As superscalar machines become more complex, the difficulties of scheduling instruction issue become more complex. The on-chip hardware devoted to resolving dependencies and deciding on instruction issue is growing as a proportion of the total. In some ways, the situation is reminiscent of the trend towards more complex CISC processors — eventually leading to the radical change to RISC machines.
Another way of looking at superscalar machines is as dynamic instruction schedulers — the hardware decides on the fly which instructions to execute in parallel, out of order, etc. An alternative approach would be to get the compiler to do it beforehand — that is, to statically schedule execution. This is the basic concept behind Very Long Instruction Word, or VLIW machines.
VLIW machines have, as you may guess, very long instruction words — in which a number of `traditional' instructions can be packed. (Actually for more recent examples, this is arguably not really true but it's a convenient mental model for now.) For example, suppose we have a processor which has two integer operation units, a floating point unit, a load/store unit, and a branch unit. An `instruction' for such a machine would consist of (up to) two integer operations, a floating point operation, a load or store, and a branch. It is the compiler's responsibility to find the appropriate operations, and pack them together into a very long instruction – which the hardware can execute simultaneously without worrying about dependencies (because the compiler has already considered them).
VLIW has both advantages and disadvantages. The main advantage is the saving in hardware — the compiler now decides what can be executed in parallel, and the hardware just does it. There is no need to check for dependencies or decide on scheduling — the compiler has already resolved these issues. (Actually, as we shall see, this may not be entirely true either.) This means that much more hardware can be devoted to useful computation, bigger on-chip caches etc., meaning faster processors.
Not surprisingly, there are also disadvantages.
First, obviously compilers will be harder to build. In fact, to get the best out of current, dynamically scheduled superscalar processors it is necessary for compilers to do a fair bit of code rearranging to `second guess' the hardware, so this technology is already developing. We will consider compilers in chapter 14: for now, we will simply observe that building good compilers for VLIW is non-trival.
Secondly, programs will get bigger. Suppose you cannot always find enough instructions that can be done in parallel to fill all the available slots in an instruction (which will be the case most of the time). There will consequently be empty slots in instructions.
It is likely that the majority of instructions, in typical applications, will have empty code slots, meaning wasted space and bigger code. (It may well be the case that to ensure that all scheduling problems are resolved at compiler time, we will need to put in some completely empty instructions.) Memory and disk space is cheap; memory bandwidth is not. Even with large and efficient caches (see chapter 16, we would prefer not to have to fetch large, half-empty instructions (let alone completely empty ones).
Unfortunately, it is not possible at compile time to identify all possible sources of pipeline stalls and their durations.

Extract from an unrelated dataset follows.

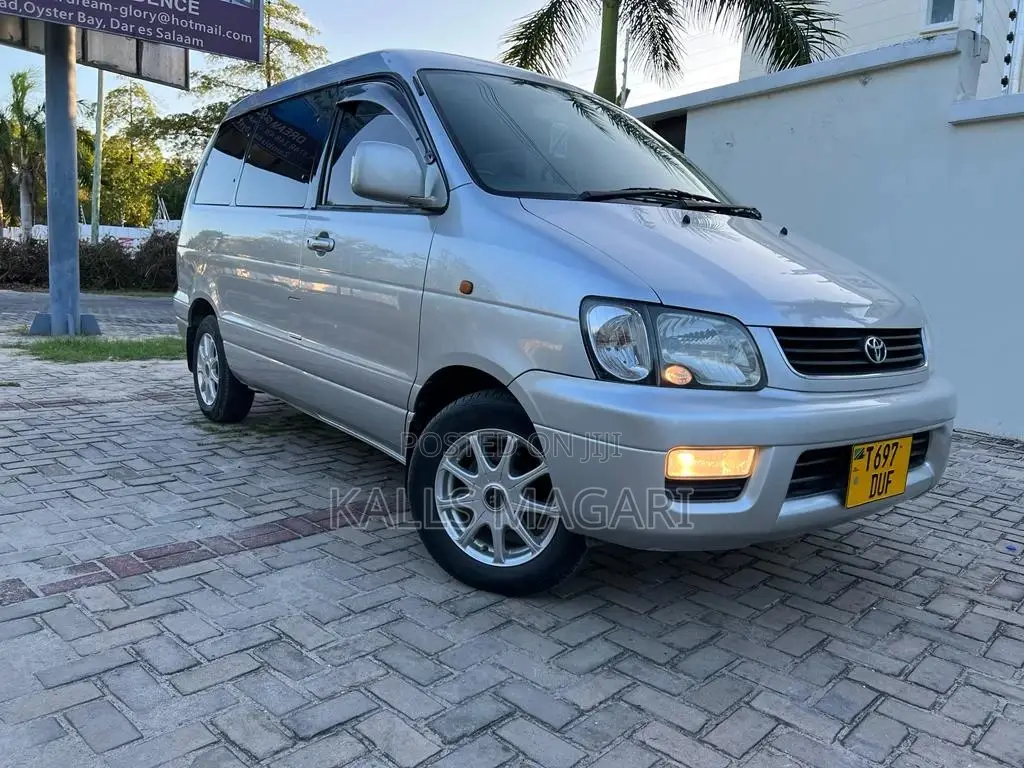 Toyota Noah 2001 Silver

For example, suppose a memory access causes a cache miss, leading to a longer than expected stall. If other, parallel, functional units are allowed to continue operating, sources of data dependency may dynamically emerge.
For example, consider two operations which have an output dependency. The original scheduling by the compiler would ensure that there is no consequent WAW hazard. However, if one stalls and the other `runs ahead', the dependency may turn into a WAW hazard.
So if you are serious about getting the compiler to do all dependency resolution, you must stall all pipeline elements together. This is another performance problem.
A significant issue is the break in the barrier between architecture and implementation which has existed since the IBM 360 in the early/mid 60s. It will be necessary for compilers to know exactly what the capabilities of the processor are — for example, how many functional units are there?
This has, to a degree, happened before — for example, delayed branches in RISC processors meant that the compiler had to know something about the pipeline length. Also, as stated, compilers that best exploit superscalar processors know a bit about what is going on inside. However, if you upgrade your current, ancient, 2-way superscalar processor to a 4-way processor of the same clock speed (and the same pipeline length), your existing binary programs will [hopefully] show some speedup. However, if you do the same sort of thing with a pair of VLIW processors, you will get (basically) no speedup. To get the performance increase, you will need to recompile.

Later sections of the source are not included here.